Internet pornography: a social psychological perspective on internet sexuality

Journal of Sex Research, Nov, 2001 by William A. Fisher, Azy Barak

Systematic studies of the prevalence of sexually explicit materials appear at first glance to to verify views about the saturation of western society with violent pornography (see Barron & Kimmel, 2000; Cowan et al., 1988; Dietz & Evans, 1982; Malamuth & Spinner, 1980; Smith, 1976). A closer look at research findings in this area, however, provides a cautionary tale of conflicting and inconsistent results. We find, for example, that Malamuth and Spinner (1980) report a steady increase in sexual violence in Playboy and Penthouse across the 1970s, from about 1% to 5% of all text and pictures. Scott and Cuvelier (1987; see also Scott & Cuvelier, 1993), however, studied some of the same magazines over some of the same years and found that, over all of the 30 years of Playboy's publication, sexually violent pictures (.16 per issue) or cartoons (.58 per issue) were extraordinarily rare, and were actually decreasing in frequency of occurrence over time. In the realm of sexually explicit videos, Cowan et al. (1988) reported that fully 51% of X-rated videos sampled portrayed the rape of a woman, whereas Palys (1986) and Garcia and Milano (1991) found vastly less sexual violence in such videos, and Palys (1986) determined that levels of sexual violence in X-rated videos had been declining across the decade under study. Other researchers (Barron & Kimmell, 2000) report very high levels of sexual violence overall in sexually explicit magazines, videos, and Internet sex story postings, but at the same time note that the perpetrators of sexual violence in these media are usually or often women (65%, 49%, and 42% of perpetrators of sexual violence were women in magazines, videos, and Internet postings, respectively).
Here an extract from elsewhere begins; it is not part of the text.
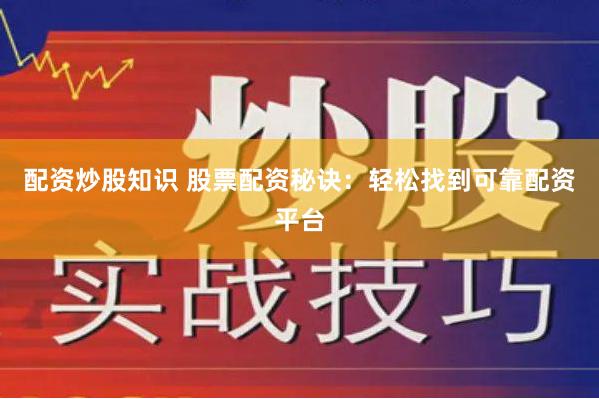 配资炒股知识 股票配资秘诀：轻松找到可靠配资平台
Initial reports of the prevalence of sexually explicit material on the Internet are eerily reminiscent of initial reports of the prevalence of print and video pornography. For example, Rimm's (1995) Georgetown Law Review paper, "A Survey of 917,410 Images, Descriptions, Short Stories, and Animations Downloaded 8.5 Million Times by Consumers in Over 2000 Cities ..." (since heavily criticized for methodological flaws; see Hoffman & Novak, 1995) provoked a Time magazine cover story concerning the saturation of the Internet with pornography (Elmer-Dewitt, 1995). The Time magazine cover story was quickly followed by passage of the U.S. Communications Decency Act of 1996, designed to suppress the flood of Internet pornography, but the Communications Decency Act itself was quickly declared unconstitutional. Current reports indicate variously that the online pornography industry will gross $366 million by 2001 (Spenger, 1999) or that it already grosses in excess of $1 billion ("Blue Money," 1999), and reports indicate that a spectacular 69% of all e-commerce involves the purchase of sexual materials ("Blue Money," 1999). Other sources report that 15% of all Internet users accessed one of the top five "Adult" websites in a recent month (Cooper, Scherer, Boies, & Gordon, 1999), that sex is the most frequently searched topic on the Internet (Freeman-Longo & Blanchard, 1998), and that all of the top eight word searches on the Internet involve pornography (Sparrow & Griffiths, 1997). In another example, Canada's national newspaper of record recently printed a two-part series entitled "The Triple-X Crisis. Is Pornography Out of Control?" (Cheney, 2000). This report informs readers that 3.8 million Canadians visited an Internet sex site in October of 2000 and reports that the average user visits Internet sex sites on 4 days per month. We note in passing that taking these statistics seriously requires us to believe that approximately 25% of all Canadian males, aged birth to death, visited an Internet sexuality site last month, and did so on an average of 4 different days.